From https://sourcebooks.fordham.edu/basis/villehardouin.asp:
In those days it happened that the Emperor Mourzuphles, whose eyes had been put out-the same who had murdered his lord, the Emperor Isaac's son, the Emperor Alexius, whom the pilgrims had brought with them to that land [...] fled privily, [...] But Thierri of Loos [...] took Mourzuphles and brought him to the Emperor Baldwin at Constantinople. And the Emperor Baldwin rejoiced thereat, and took counsel with his men what he should do with a man who had been guilty of such a murder upon his lord.
And the council agreed to this: There was in Constantinople, towards the middle of the city, a column, one of the highest and the most finely wrought in marble that eye had ever seen; and Mourzuphles should be taken to the top of that column and made to leap down, in the sight of all the people, because it was fit that an act of justice so notable should be seen of the whole world. So they led the Emperor Mourzuphles to the column, and took him to the top, and all the people in the city ran together to behold the event. Then they cast him down, and he fell from such a height that when he came to the earth he was all shattered and broken.
Whereas according to the reference from the Alexios V Doukas article Annals of Niketas Choniates:
Not long after his blinding [end of November 1204], Doukas fell into the hands of the Latins 1657 and was returned to Byzantion, where he was brought to trial for having seized his lord and emperor and put him to [609] death by strangulation. His defense was that he looked upon the emperor as a traitor to his country who justly deserved his punishment, not only he alone for the crimes he had committed but others as well, as many partisans and kinsmen who had joined him.
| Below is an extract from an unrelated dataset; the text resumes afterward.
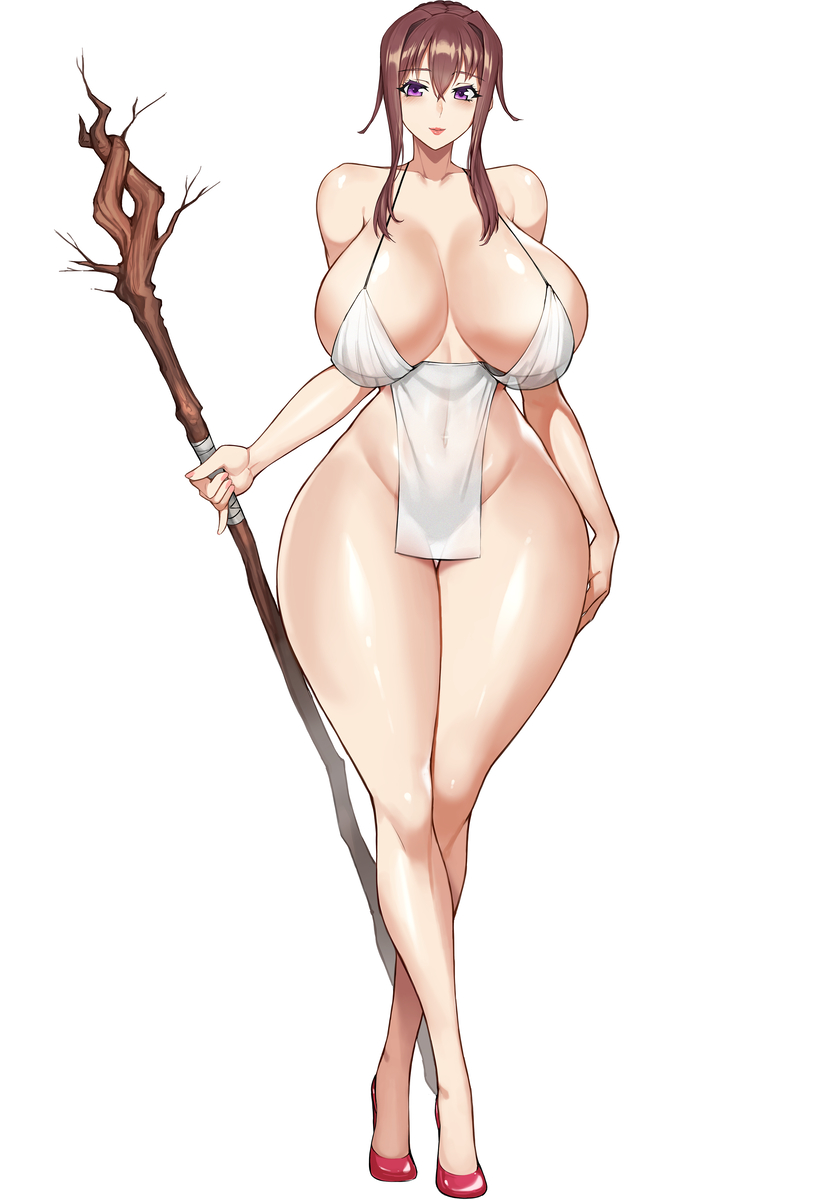 This is a pixiv picture whose title is 女賢者.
But no heed was paid to the words he had spoken, and the Latins refused to lend an attentive ear to the further arguments of this anguished man who was then condemned to an unprecedented and most violent death: placing him atop the lofty column standing in the Forum of the Bull, the Latins cast him down; falling feet first and then tumbling headlong, he shortly crashed aslant and died a most pitiable death.